In a post-credits scene (exclusive to the DVD edition), Lemonade Mouth is invited to an interview. On air, the interviewer asks about Mo and Scott's relationship, raising suspicion from her father, until Olivia interrupts to reveal that she and Wen are dating. After the interview, they perform "Livin' on a High Wire", with Mo's father and the audience enjoying the performance.

==Cast==
- Bridgit Mendler as Olivia White
- Adam Hicks as Wendell "Wen" Gifford
- Hayley Kiyoko as Stella Yamada
- Naomi Scott as Mohini "Mo" Banjaree
- Blake Michael as Charles "Charlie" Delgado
- Nick Roux as Scott Pickett
- Chris Brochu as Ray Beech
- Tisha Campbell as Miss Jenny Reznick
- Christopher McDonald as Principal Stanley Brenigan
- Scott Takeda as Stella's Father
- Ariana Smythe as Sydney
- Judith Rane as Brenda
- Isaac Kappy as Mel
- Ryan Montano as Tommy Delgado
- Lauren Poole as Moxie Morris
- Bob Jesser as Mr.

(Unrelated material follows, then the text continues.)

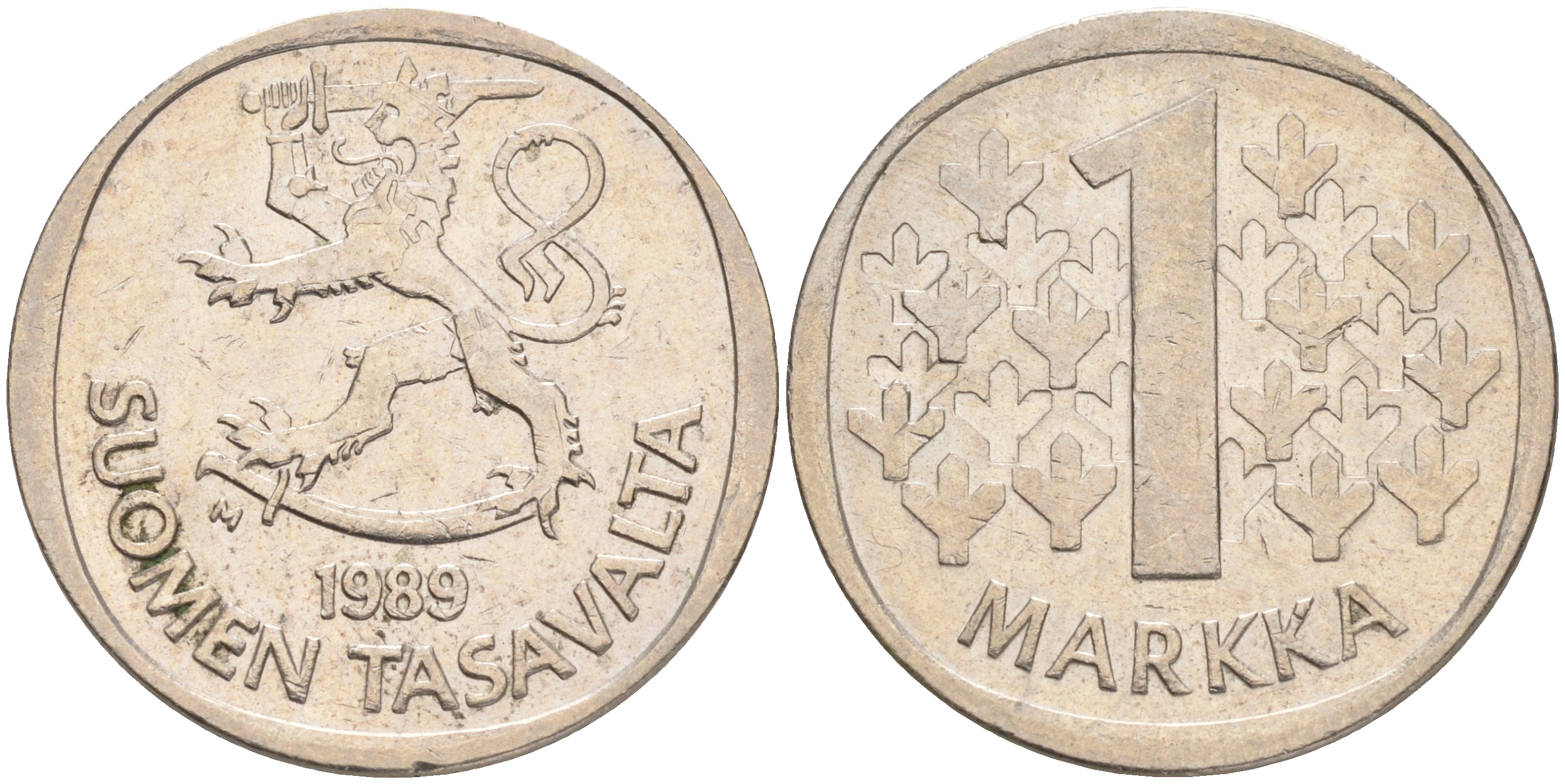 ФИНЛЯНДИЯ 1 МАРКА 1989 M KM 49а медно-никель 4556-826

Gifford
- Leedy Corbin as Georgie Gifford
- Lance Capaldi as Ticket Taker
- Shishir Kurup as Mr. Banjaree
- Thomas Sanchez as Cop
- Johnie Hector as Coach
- Paul Clark as Andrew
- Caitlin Ribbans as Jules
- Phil Luna as Charlie's Dad
- Chiara Brokaw as Alex
- Lora Martinez-Cunningham as Charlie's Mom
- Jayna Sweet as Victoria
- Nicholas Martinez as Freshman Singer
- Tom Romero as Mr. Prichard

Author Mark Peter Hughes makes a cameo appearance as an extra dressed as a bee at the Halloween Bash.

==Production==
In May 2010, Lemonade Mouth was announced by Disney Channel initially as an upcoming musical franchise. Bridgit Mendler, Adam Hicks, Naomi Scott, Hayley Kiyoko, Blake Michael, Nick Roux, Chris Brochu, Tisha Campbell-Martin and Christopher McDonald were announced as the principal cast of the film. Production began in August 2010, and filming took place in Albuquerque, New Mexico. The film was Scott's first American production, who in an episode of Collider's Ladies Night podcast said that "I [also] remember being introduced to craft services for the first time. And for me, it's this US production and I was like, oh my gosh, they have a trolley of candy that just came around! And to me I just thought, I've made it. This is what I've wanted. This is what it's all about. It's all about candy on a trolley."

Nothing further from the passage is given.